One scenario might be that after a big game your teammates ask you to join them for a night on the town. You’ll probably get back late and if your coaches find out, they might not be too pleased. What do you do? These are the tough choices you’ll have to make to become an NHL Superstar.
Remember each action you take may produce a positive or negative reaction that can affect ratings and likeability, so make sure to choose carefully.
Playing well on the ice and interacting with your teammates and the media off the ice leads to a positive Likeability rating.
The higher your Likeability rating, the greater the chance endorsement offers will come your way. Endorsements allow you to get extra cash as well as cool looking images for the trophy case.
Likeability meters increase or decrease based on actions on and off the ice. They track how you are perceived by fans, teammates, management and your family.
These meters go from -100 to +100 and will produce consequences (positive and negative) based on how much the meter is filled.

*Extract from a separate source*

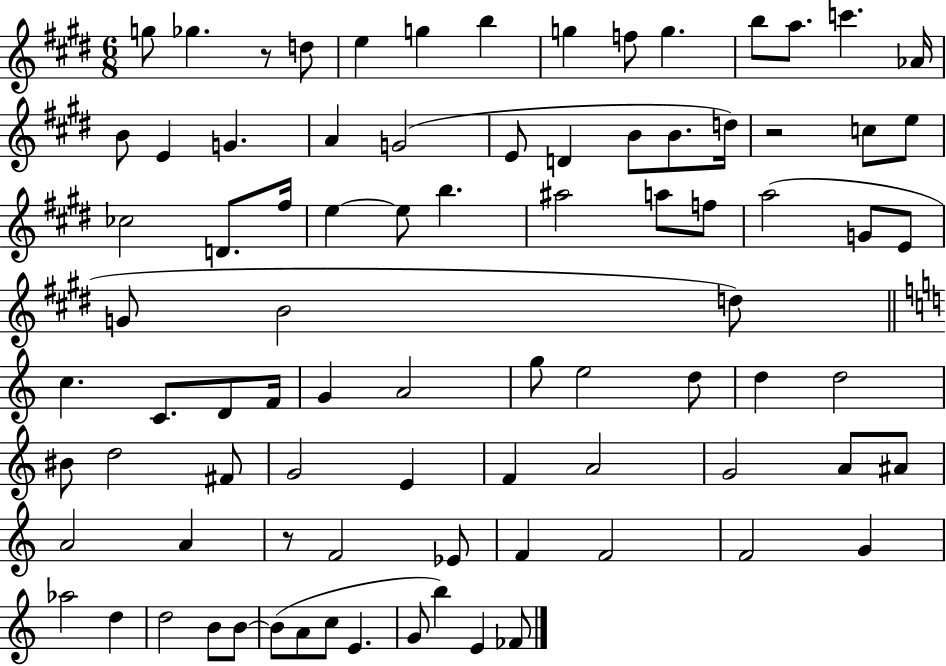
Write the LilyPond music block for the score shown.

The Fan Likeability meter defines your relationship with the fans of your team and the league.
- A high Fan Likeability meter will increase your chances of receiving high-quality endorsements. On the ice, fans will cheer you on and you may even notice the flash from cameras when you touch the puck.
- A low Fan Likeability meter will lead to boos by fans both locally and around the league. If your Fan Likeability meter is low enough, it may result in you being traded to another team.
The Teammate Likeability meter defines your relationship with members of your team.
- A high Teammate Likeability meter increases your chances of attending off-ice events. If your teammates like you enough, you might become the team’s captain. Factors such as age, player rating and Management plays into these kinds of decisions, as well. Management will have a say in who becomes captain (see below).
- Players with a low Teammate Likeability meter will be presented with fewer off-ice event opportunities. If your Teammate Likeability meter is drastically low, teammates may stop passing you the puck when you call for it.
The Management Likeability meter defines your relationship with the GM and Coaching staff.
- A high Management Likeability meter makes it harder to be demoted to the minors and makes it easier to get to the NHL. As you develop on as a pro, a high enough Management Likeability rating can reward you with other incentives, such as earning the “C” on your jersey.
- A low Management Likeability meter makes it harder to progress to the NHL and makes it easier to be demoted to the minors. If your Management Likeability meter is low enough you can be put on the trade block and potentially moved to a new team.
The Family Likeability meter defines your relationship with your family and has a positive or negative effect on your on-ice attributes.
Your on-ice performance modifier gives you more leeway to act unprofessionally. The better you perform on the ice, the more your fans, teammates, management and family will be willing to put up with your off-ice antics.